= Green Cross Brazil =

Part of Green Cross International Network

Green Cross Brazil is part of Green Cross International network. That was founded by former Soviet Union President and Nobel Peace Prize laureate Mikhail Gorbachev in 1993, building upon the work started by the 1992 Earth Summit in Rio de Janeiro, Brazil.

Green Cross Brazil is an independent non-profit and non-governmental environmental organisation (NGO) working to address the inter-connected global challenges of security, poverty eradication and environmental degradation through a combination of advocacy and local projects. The organisation has projects in partnerships with the Brazilian Government, Sicoob Cooperative Bank, Microsoft, Netafim, Sebrae and Giorgio Armani.

In 2016, Green Cross Brazil started implementing the Water for Peace Programme, part of Giorgio Armani’s Acqua for Life Project. The project target a subdistrict of Mariana, which still suffers the catastrophic consequences of the Mariana dam disaster.
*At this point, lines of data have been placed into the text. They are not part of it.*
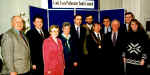 Cork Local Voluntary Youth Council, 1997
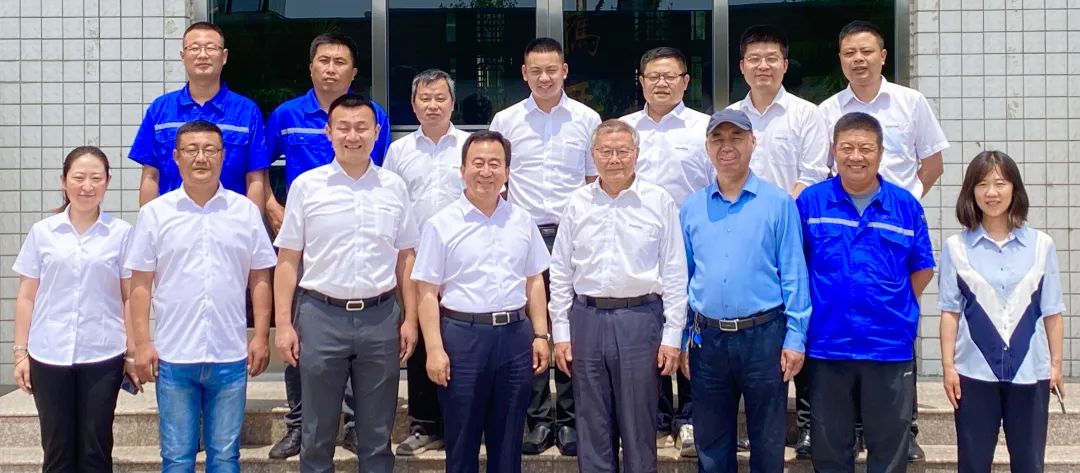 永利·yl(中国集团)有限公司官网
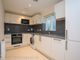 Thumbnail Flat to rent in Bensham Lane, Croydon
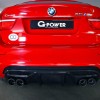 BMW-X6-M-G-Power-Typhoon-S-07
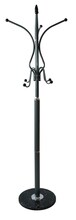 Riidenagi Top E Shop Marble, 180 cm, hall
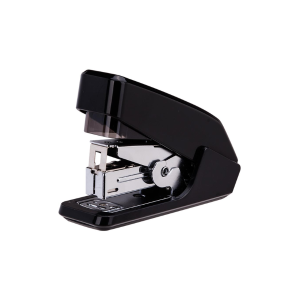 Deli Effortless Stapler 25 sheets E0466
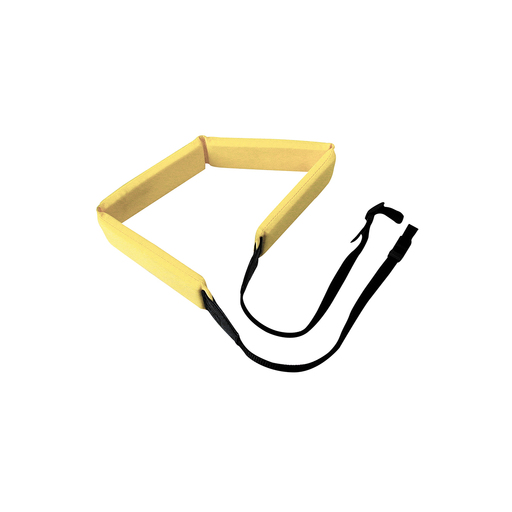 Jumelles nautiques Topas Bresser 7x50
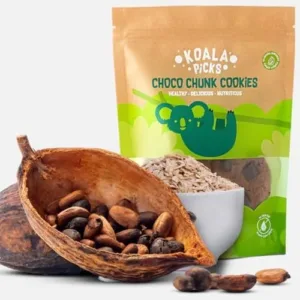 koala picks cookies 4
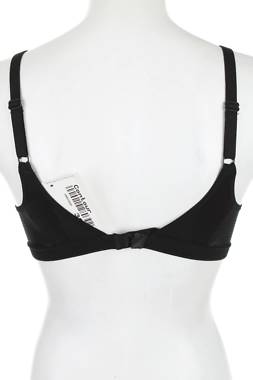 Сутиен Influx2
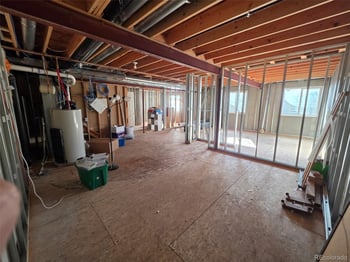 2501 145th Ave, Thornton, CO 80602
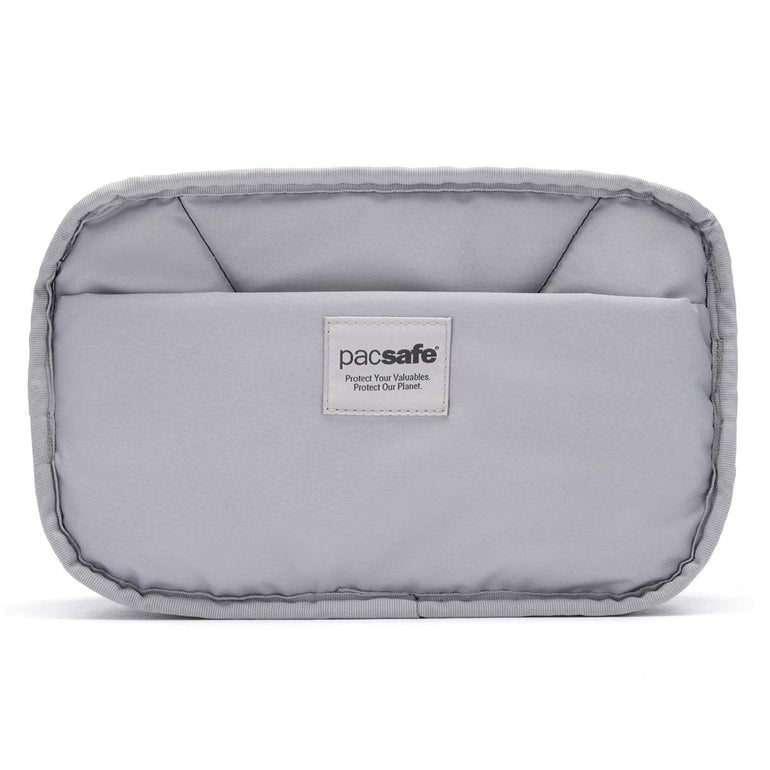 Pacsafe Vibe 100 Sac de taille anti-vol RFID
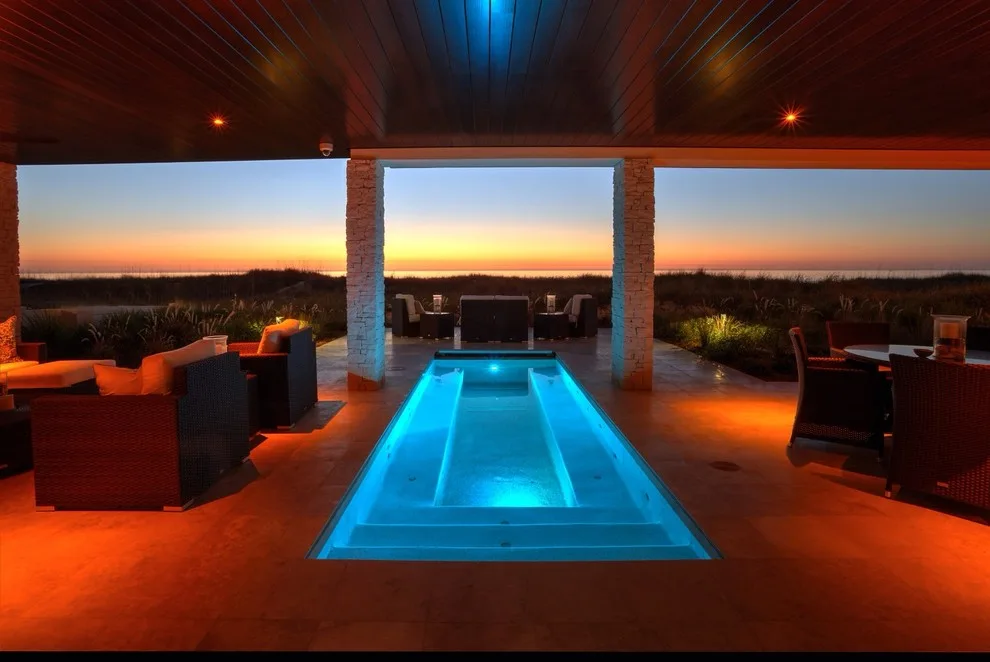 KB Builders Inc Outdoor Images by K+B Home Builder, Remodeling + Design Tampa - Photo 11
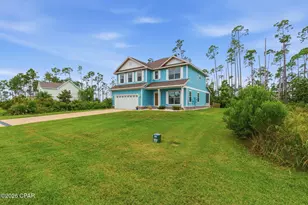 1020 Tidewater Ln, Panama City, FL 32404 - Photo 58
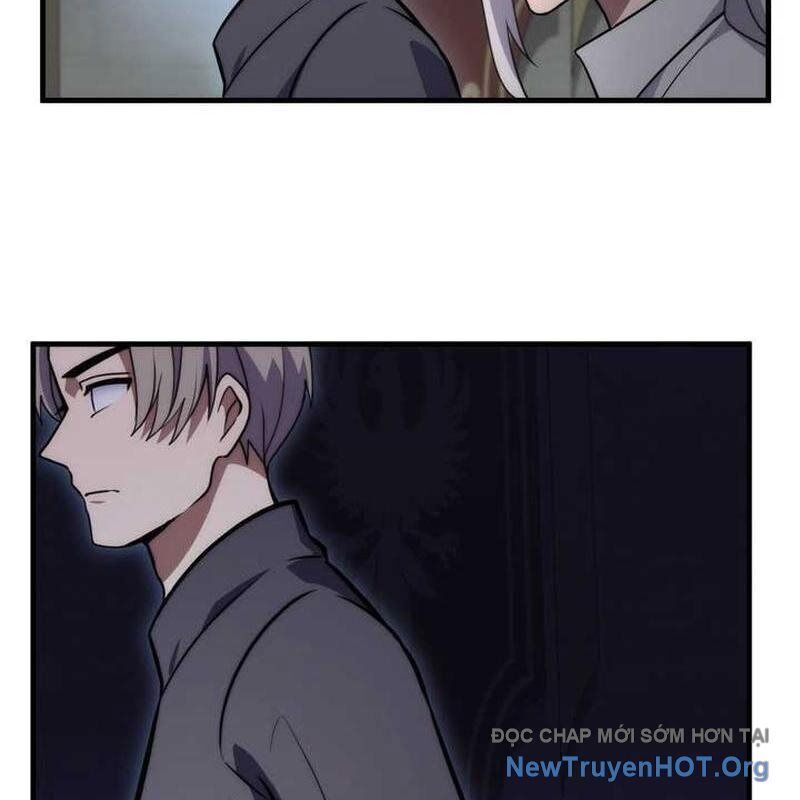 Hoàng Đế Thép Chapter 50 - Trang 2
With the support of Giorgio Armani, Green Cross is installing rainwater harvesting systems in two of the worst-affected municipalities. The collected water is used for drinking, hygiene and latrines, as well as to irrigate small vegetable gardens at the schools. Green Cross Brazil and its partners are also engaged with local communities, and holding training workshops for teachers on maintenance of water systems and sustainable water practices.